Using big data to decipher the James Webb Space Telescope's astonishing discoveries
To unravel the origins of life, matter, and everything in between, it turns out we need memory – a lot of memory
As the renowned author, Douglas Adams, once wrote: “Space is big. Really big. You just won't believe how vastly hugely mind-bogglingly big it is.” It’s no real surprise, then, that getting to the bottom of the origins of the universe takes a massive – almost unbelievable – amount of computing power.
Getting to the bottom of some of the universe's deepest mysteries has meant setting up a massive computer, with Durham University among a handful of UK institutions jointly working on the project. Admittedly, it isn’t nearly as big as the Deep Thought system that features in The Hitchhiker's Guide to the Galaxy, and the answers are far less vague than “42”.
Before even beginning to tackle these questions, researchers sought a device powerful enough to peer into the very beginnings of space and time. This is where the James Webb Space Telescope (JWST) came in. Successor to the great Hubble Telescope, the JWST conducts infrared spectroscopy, with its high resolution and sensitivity allowing us to examine objects deep in space with detail its predecessor never managed. The JWST was launched into space last December and is already producing phenomenal results. Clusters of breathtaking images published by NASA speak for themselves.
This is only part of the journey, though, and institutions such as Durham University are hoping to use the tiny clues revealed by such images to help decipher the origins of the universe. They should, over time, begin to give answers to such questions as what the universe is, what it’s made from, what dark matter might be, and so on. But first, data needs to be crunched on a massive scale while, at the same time, researchers run in-depth simulations over and over.
The origins of everything
Durham set up a Cosmology Machine (COSMA) last year to begin answering these questions. This isn’t the first COSMA – that came online in 2001 – with the latest version, COSMA8, becoming operational in October 2021. It’s part of the Distributed Research utilizing Advanced Computing (DiRAC) facility, which has five deployments at the Universities of Cambridge, Durham, Edinburgh, Leicester and UCL. The DiRAC-3 memory intensive (MI) service at Durham runs workloads that require massive amounts of memory.
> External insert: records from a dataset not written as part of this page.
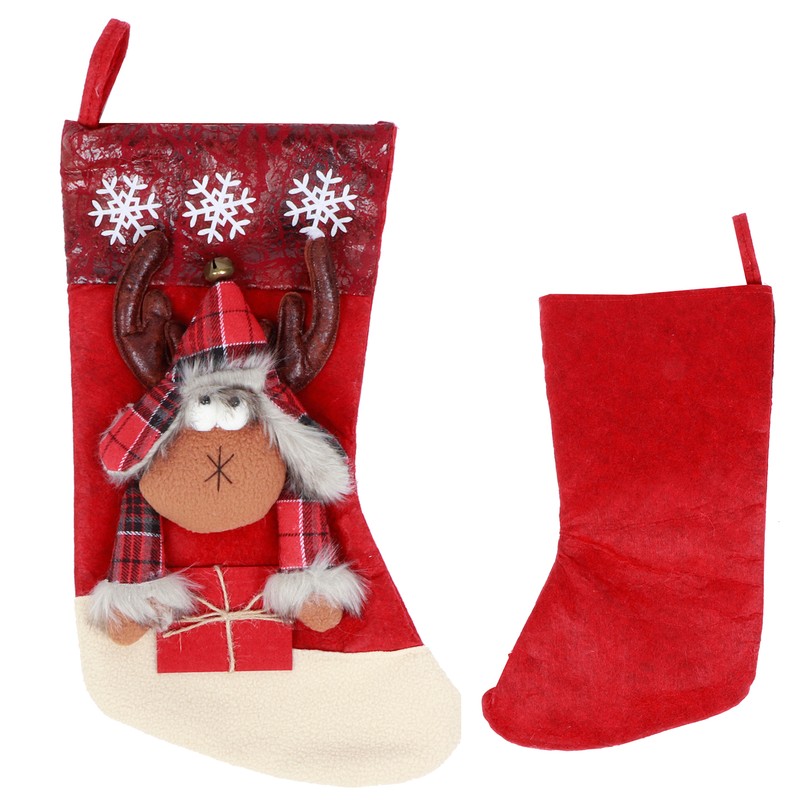 Hanging Christmas Holiday Stockings Sock Gift Bag Hanging Pendant Christmas
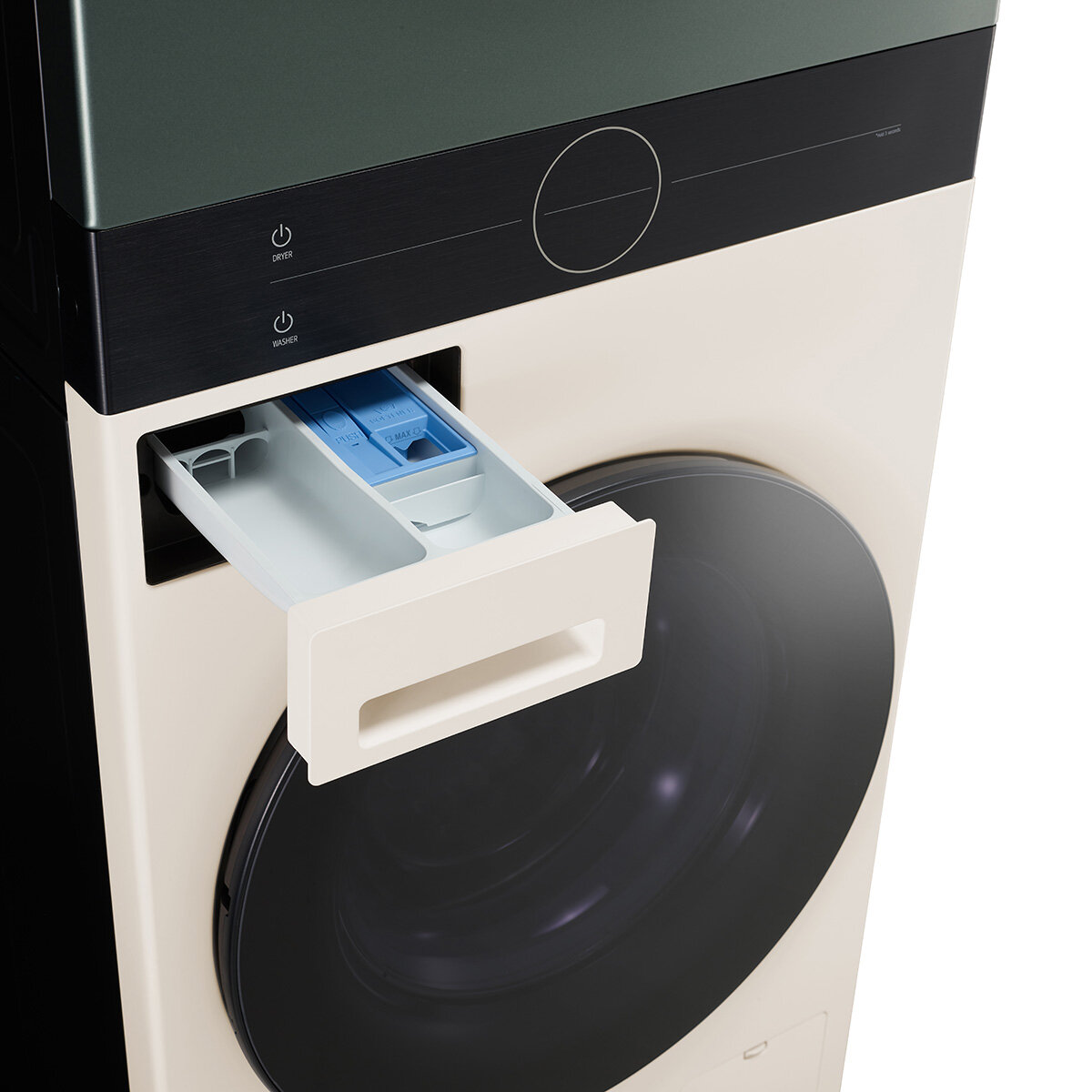 LG WT1210NBTN1, 12kg/10kg, 1400rpm, WashTower Rated in A/A+++ in Green / Beige LG WT1210NBTN1, 12kg/10kg, 1400rpm, WashTower Rated in A/A+++ in Green / Beige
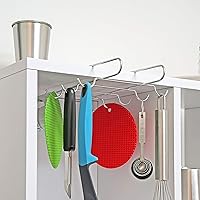 Vista 6 de Southern Homewares Chrome Under Shelf Mug Rack 10-Hook Metal Cup Holder for Kitchen Cabinet & Pantry Organization – Coffee Mug Organizer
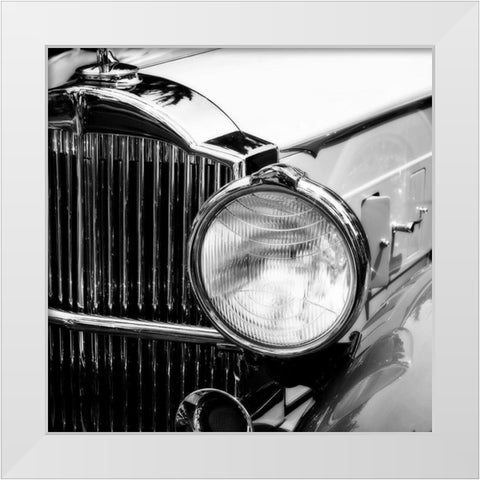 Vintage Roadster II White Modern Wood Framed Art Print by Hausenflock, Alan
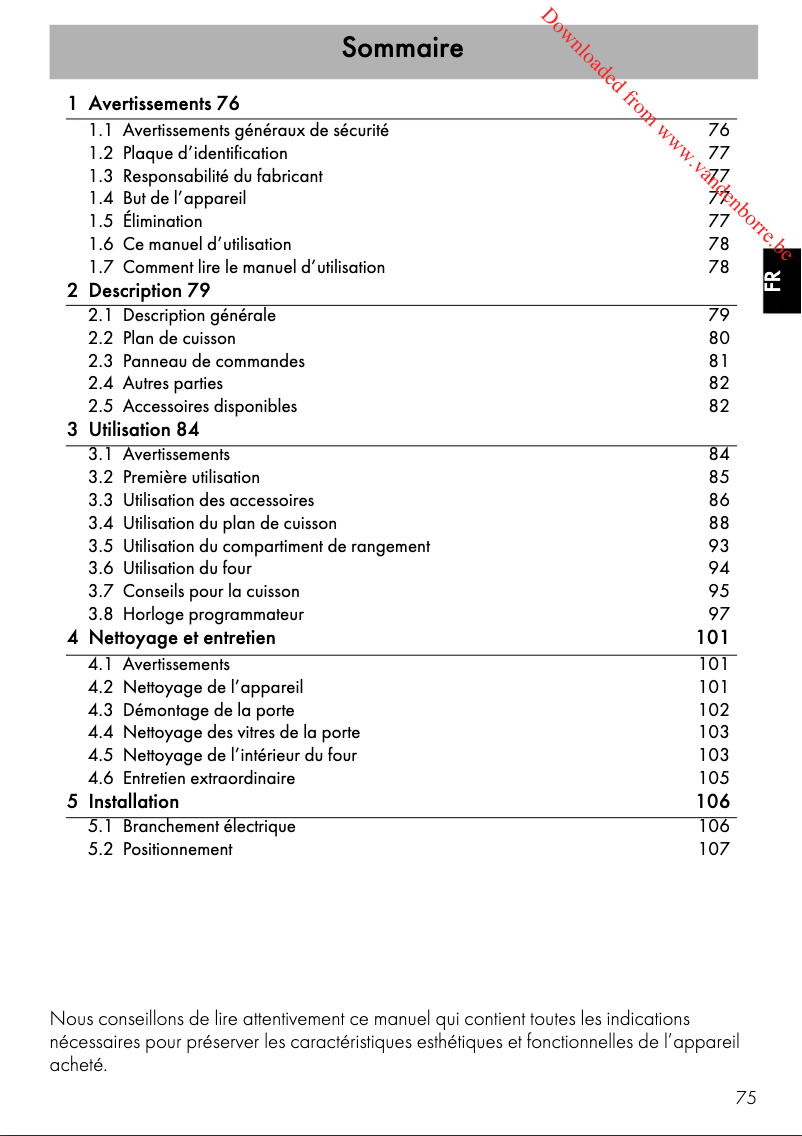 Page n°1 - Manuel utilisateur Smeg Victoria TR90IX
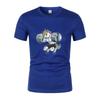 Fun Gym Unicorn Weightlifting Fitness Bodybuilding Printed Round Neck T-Shirt Summer Breathable Quick-Dryingcasual Short Sleeves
COSMA’s role is to run a simulation of the big bang. By tuning different input parameters and different models, taking into consideration things like dark matter and dark energy, the team attempts to match a simulation with what’s observed by astronomers using the JWST. Using a heavy amount of statistical analysis, the team can fine-tune the input parameters of these models to get a better idea of how the universe might have been formed.
To do that, COSMA8 has a high amount of memory per core, with the current system boasting 1TB of random access memory (RAM) per computer to power the cosmology simulation. This simulation which starts with the big bang before tracking how this might propagate through spacetime, can take months to run. The additional memory capacity helps to shrink that time span.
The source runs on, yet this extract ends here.